I slid sideways slowly on shaky legs. “What did I not do?”

“She’s dead because of you.” When he reached my phone, he smashed it twice with the butt of the ugly gun.

I left the kitchen and started toward the front. “Who?” I asked as softly as I could.

“Mom,” he yelled. “You killed my mom.” He’d slipped into serious delusions.

I’d never even met his mother.

He followed me. “Evelyn did what she was told. She grabbed the rocks and hid them in your purse. All you had to do was carry them out and bring them to the office Monday. Why couldn’t you get that right?”

I didn’t attempt an answer. I was about to die, and I never got to tell Adam how much I loved him—or why I’d done what I had.

* * *

Adam

I slowly opened the door,just far enough to scoot through it. It hadn’t squeaked. Just as gently, I closed it.

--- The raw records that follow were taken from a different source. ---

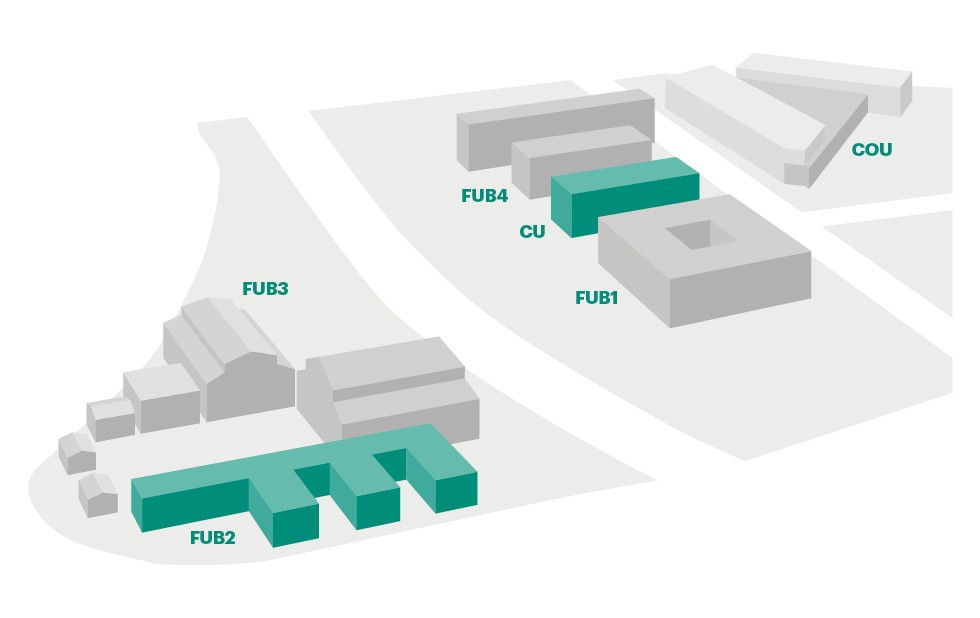 Edificis Centre de Simulació d'UManresa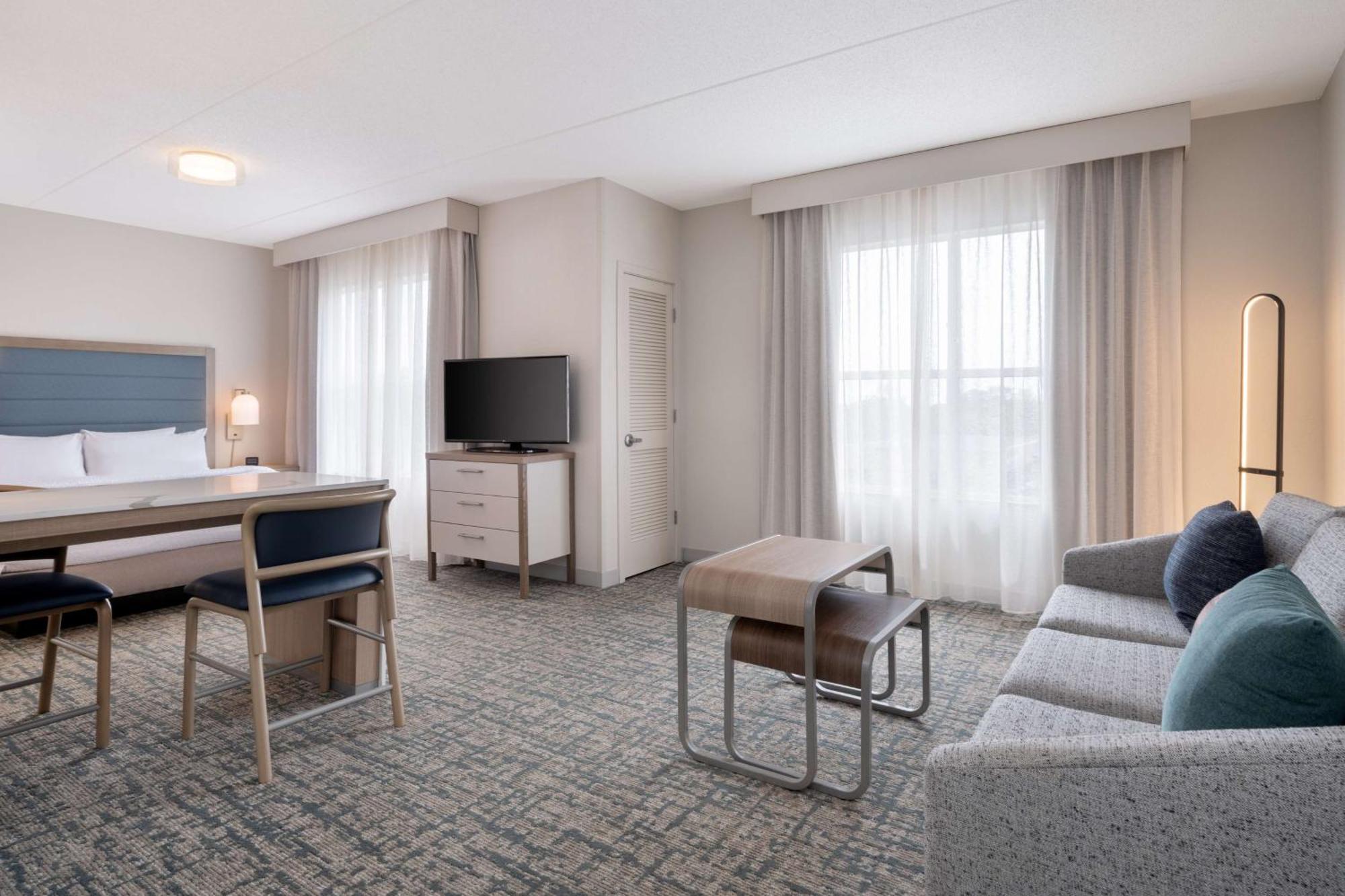 โฮมวู้ด สวีท บาย ฮิลตัน โคลัมเบีย Hotel ภายนอก รูปภาพ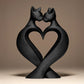 Duel Cat Ornament - My Store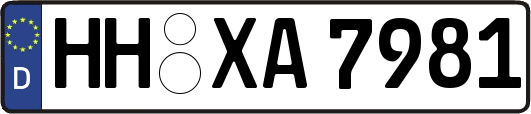 HH-XA7981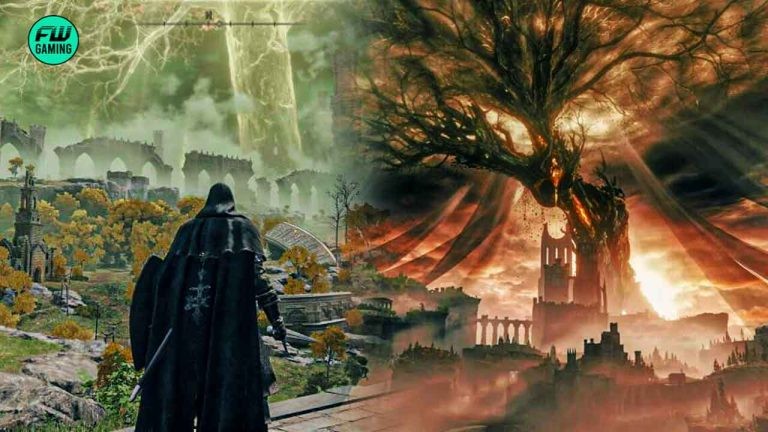 Elden Ring DLC Shadow of the Erdtree's Setting is Confirmed by Hidetaka Miyazaki, and After Months of Speculation, it's Good to Finally Know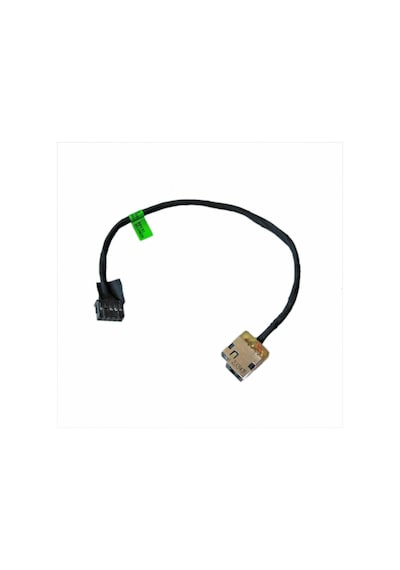 HP Uyumlu 715813-Sd4 Notebook Dc Power Jack Kablolu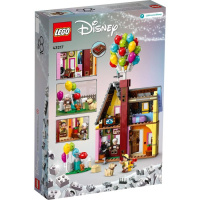 43217 Lego Disney – Domček z Filmu Hore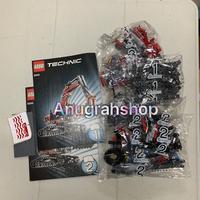 Gambar LEGO 8294 TECHNIC Excavator dari AnugrahShopTokopedia undefined 1 Tokopedia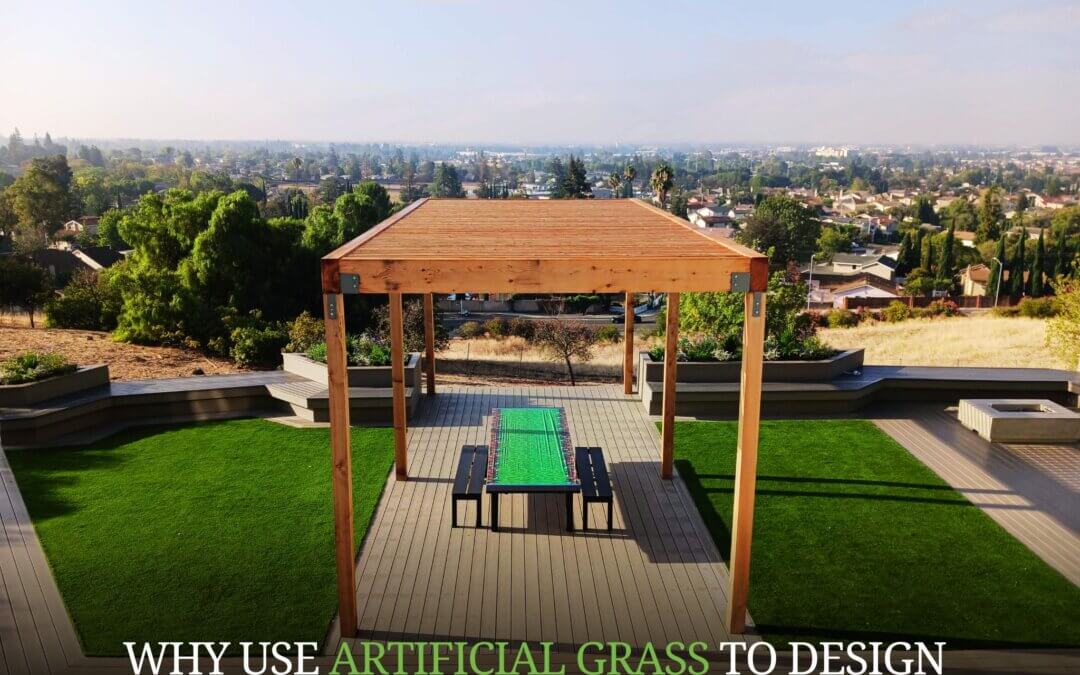 7 Pros: Artificial Grass Installer in Manteca for Staycation-Ready Yards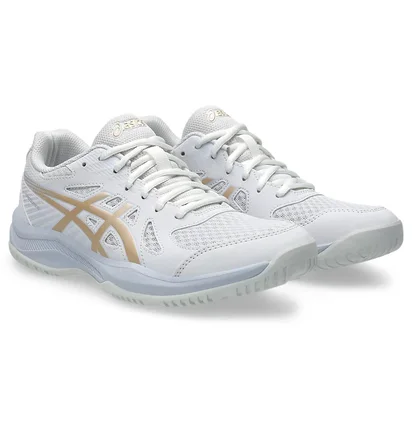 Кроссовки женские Asics Upcourt 6 White 1072A107-103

Just after I got it shut, a leaf blower started in the neighbor’s yard. If that had started up a few seconds earlier, it could have been bad.

Sliding to the left, I stopped by the fridge.

“Stop right there,” Baldy said loudly from the other room.

I ducked lower.

“If you’d just done what you were supposed to, I’d have had the money for the new treatments, and she’d still be with us.”

None of it made any sense, but a man waving a gun often didn’t.